The fear-mongering and hysteria about the “new perspective” have, of course, been far less helpful. I hope those days are over. I will never understand those behaviors and that mindset. It seems to me that Christian people ought to see great promise in being challenged to read Scripture afresh.
What follows are some generalized aspects to my reading of Paul, especially where his discussions regarding the Law are in view.
The term “works of law” in Romans and Galatians has reference to deeds done that constitute Jewish identity. When Paul states that no one can be justified by “works of law,” he is merely noting that one’s ethnic identity does not give one any priority before God. He does not criticize Jewish identity nor Judaism per se. He does, however, oppose those who endorse conversion to Judaism as a requirement to establish one’s standing before God.
Paul’s problem, therefore, with “works of law” is not that no one can do them sufficiently, but that full adoption of and participation in Jewish identity is neither here nor there with regard to securing participation in the world to come.
When Paul sets pistis (“faith”/“faithfulness”) in opposition to “works” or “works of law,” he does not intend a contrast between human trust and human action. Nor does he ever oppose faith to obedience. He does set in opposition faithful obedience to Jesus and the effort to accumulate credentials toward the establishment of a status before men thinking that such social standing carries weight with God. The opposition, therefore, is between obedience and disobedience—discipleship to Jesus that looks like faith-working-through-love, to use the language of Galatians, versus discipleship to Jesus that must be pursued within Judaism.

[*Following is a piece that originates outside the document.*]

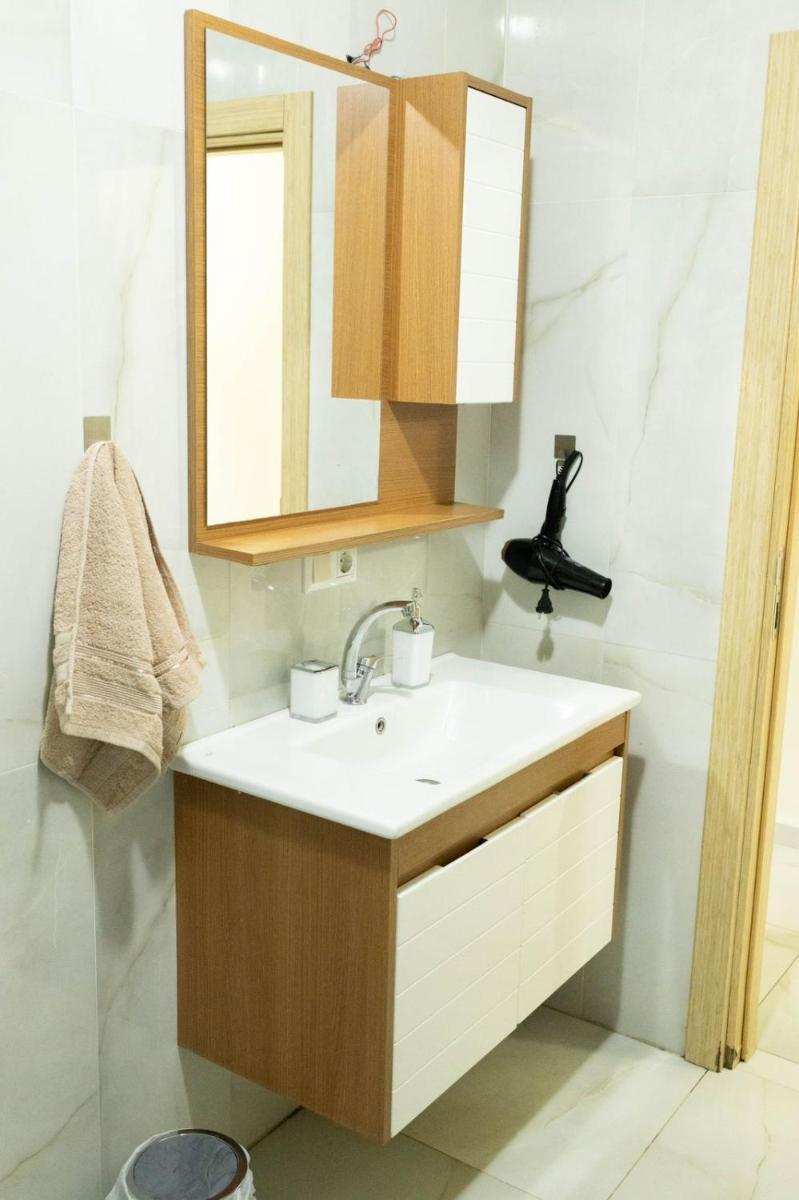 Apartment Luxury Şişli - image 7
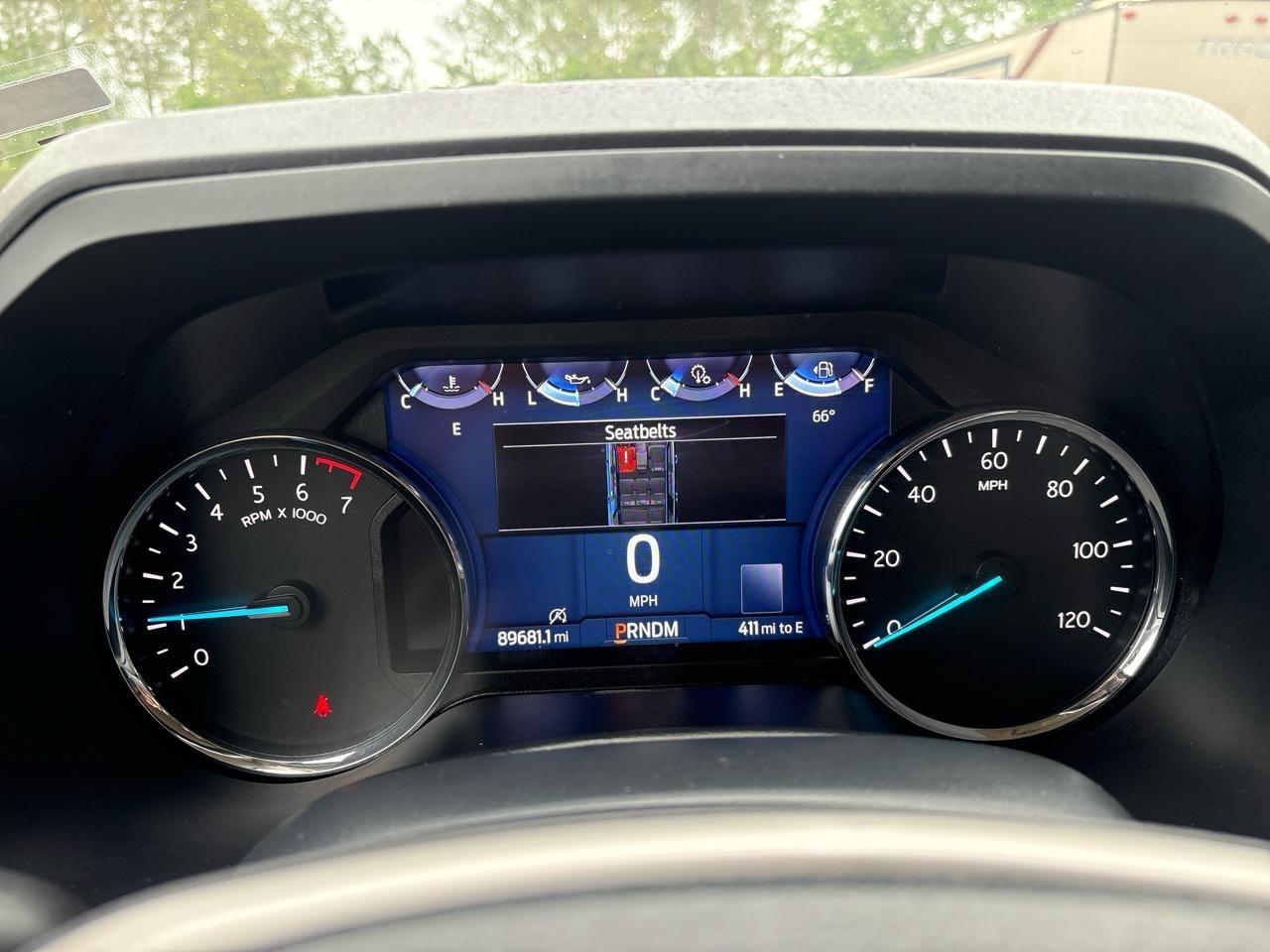 Ford Expedition MAX Limited 2024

Related to this, Paul regards those who are advocating a Judaizing strategy for gentiles as disobedience to God. It is not that they are advocating obedience at the expense of faith. Paul charges them with disobedience in Romans and apostasy in Galatians, and calls them to the obedience of faith. It’s not that Paul sees an over-emphasis on obedience in this wrong approach to Christian identity, but characterizes the Judaizing impulse as actual disobedience to God, and potentially apostasy.
Paul theologizes from an apocalyptic frame of thought, envisioning the saving power of God that invades and transforms an enslaved cosmos. God’s good creation has been hijacked and is held in bondage to the cosmic powers of Sin and Death. The incarnation is the invasion of the Son of God to retake God’s world for God’s glory. This perspective is represented by scholars such as J. C. Beker, Lou Martyn, Bruce Longenecker, Douglas Campbell, and Leander Keck, among others.
I do not regard Paul as stressing human inability to obey so much as the failure of all humanity to obey God.
Several scholars have complained that the “new perspective” can tend merely to describe Paul’s flow of thought sociologically so that we’re left with a very thin theological reading of Paul. This criticism isn’t too far from the mark. I agree with Stephen Westerholm’s point that while “new perspective” scholars may outstrip the reformers in grasping historically what Paul was getting at, they cannot match the reformers at recovering Paul’s deeper theological impulses. Interpreters such as Augustine, Luther, and Calvin do indeed provide for us excellent models of theological interpretation of Paul.
In my opinion, the “new perspective” has been very helpful in reminding us that the problems of ethnicity are at the center of Romans and Galatians. I don’t know why, but Christian scholars concerned about the life of the church have been slow to exploit the theological resources exposed by newer readings.